Déclaration d’opposition

[9]               Les motifs d’opposition modifiés reposent sur les alinéas 30b) et i) et 16(1)a) et c) et sur l’art. 2 de la Loi sur les marques de commerce, L.R.C. 1985, ch. T‑13 (la Loi).

[10]           Les dates pertinentes applicables aux motifs d’opposition sont les suivantes :

         alinéas 30b) et i) – la date de production de la demande [voir Georgia-Pacific Corp. c. Scott Paper Ltd. (1984), 3 C.P.R. (3d) 469 (C.O.M.C.)];

         alinéas 6(1)a) et c) – la date de premier emploi revendiquée dans la demande [voir le paragraphe 16(1)];

          article 2 – la date de production de l’opposition [voir Metro-Goldwyn-Mayer Inc. c. Stargate Connections Inc. (2004), 34 C.P.R. (4th) 317 (C.F. 1re inst.)].

[11]           Je commencerai mon analyse par un résumé des éléments de preuve les plus pertinents selon moi.

La preuve de l’Opposante

Affidavit de Johan de Leeuw

[12]           Johan de Leeuw se présente comme le directeur général de P.L. Light Systems Canada Inc. (P.L. Light), filiale en propriété exclusive de Hortilux Schreder B.V. (auparavant Hortilux B.V.). Son affidavit indique que l’Opposante, dont le siège est aux Pays‑Bas, exploite une entreprise de systèmes d’éclairage et d’éclairage d’appoint pour serres.

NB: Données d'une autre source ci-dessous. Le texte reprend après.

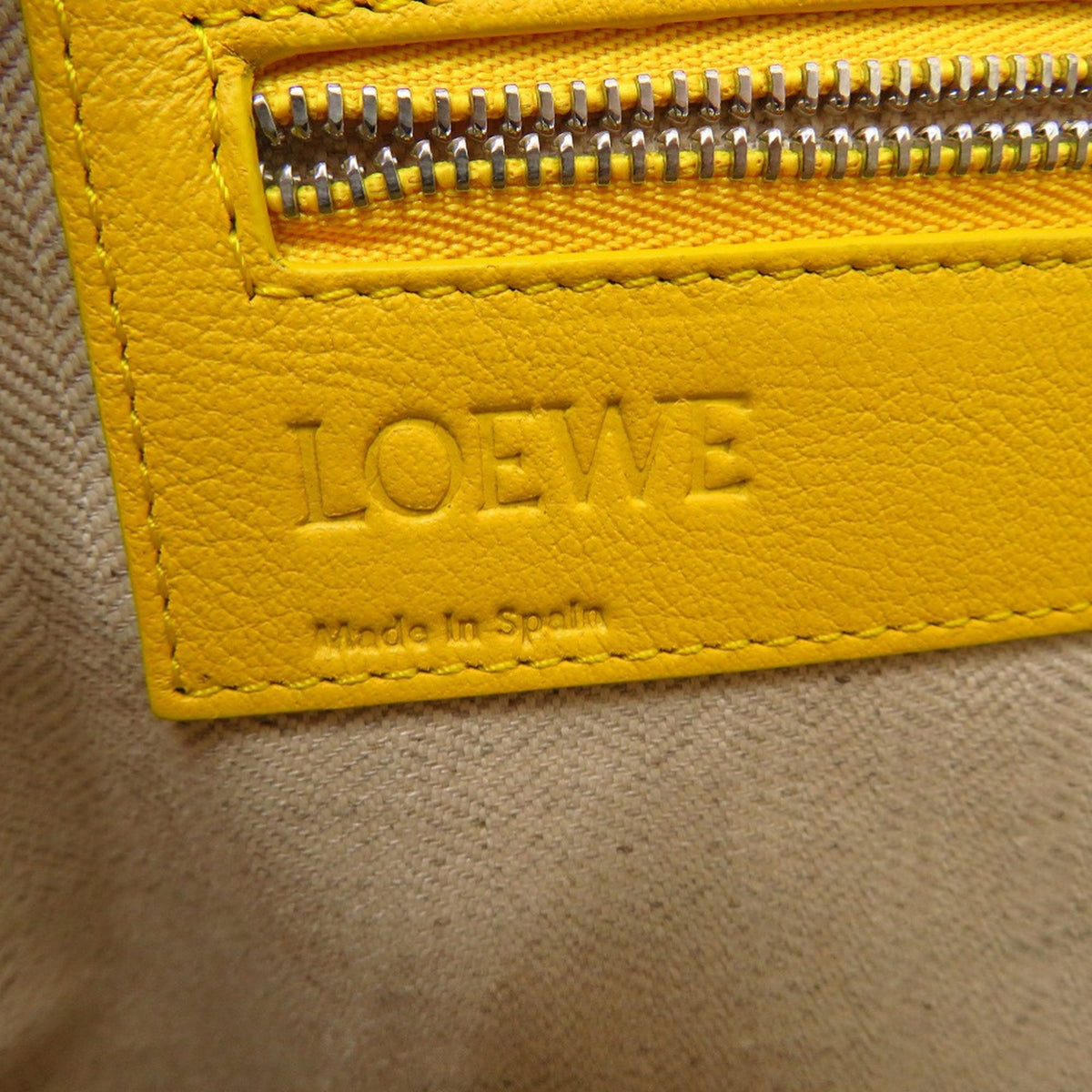 LOEWE Leather Anagram Toledo Briefcase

[13]           Au Canada, l’Opposante vend les appareils d’éclairage HORTILUX et HORTILUX SCHREDER par l’intermédiaire de sa filiale canadienne P.L. Light. M. de Leeuw déclare que P.L. Light est autorisée par licence à employer la marque de commerce HORTILUX au Canada en liaison avec des appareils d’éclairage et des réflecteurs, et il explique qu’aux termes de l’accord de licence, Hortilux Schreder B.V. contrôle les caractéristiques et la qualité de ces marchandises. Je reviendrai plus loin sur ce point.

[14]           M. de Leeuw indique que P.L. Light importait des réflecteurs HORTILUX de Hortilux Schreder B.V. bien avant le 31 décembre 1997. À leur arrivés au Canada, les réflecteurs sont assemblés aux appareils d’éclairage et distribués dans toute l’Amérique du Nord. Sont joints comme pièces C et D à son affidavit des échantillons de facture et des spécimens censés indiquer de quelle façon les marques sont employées.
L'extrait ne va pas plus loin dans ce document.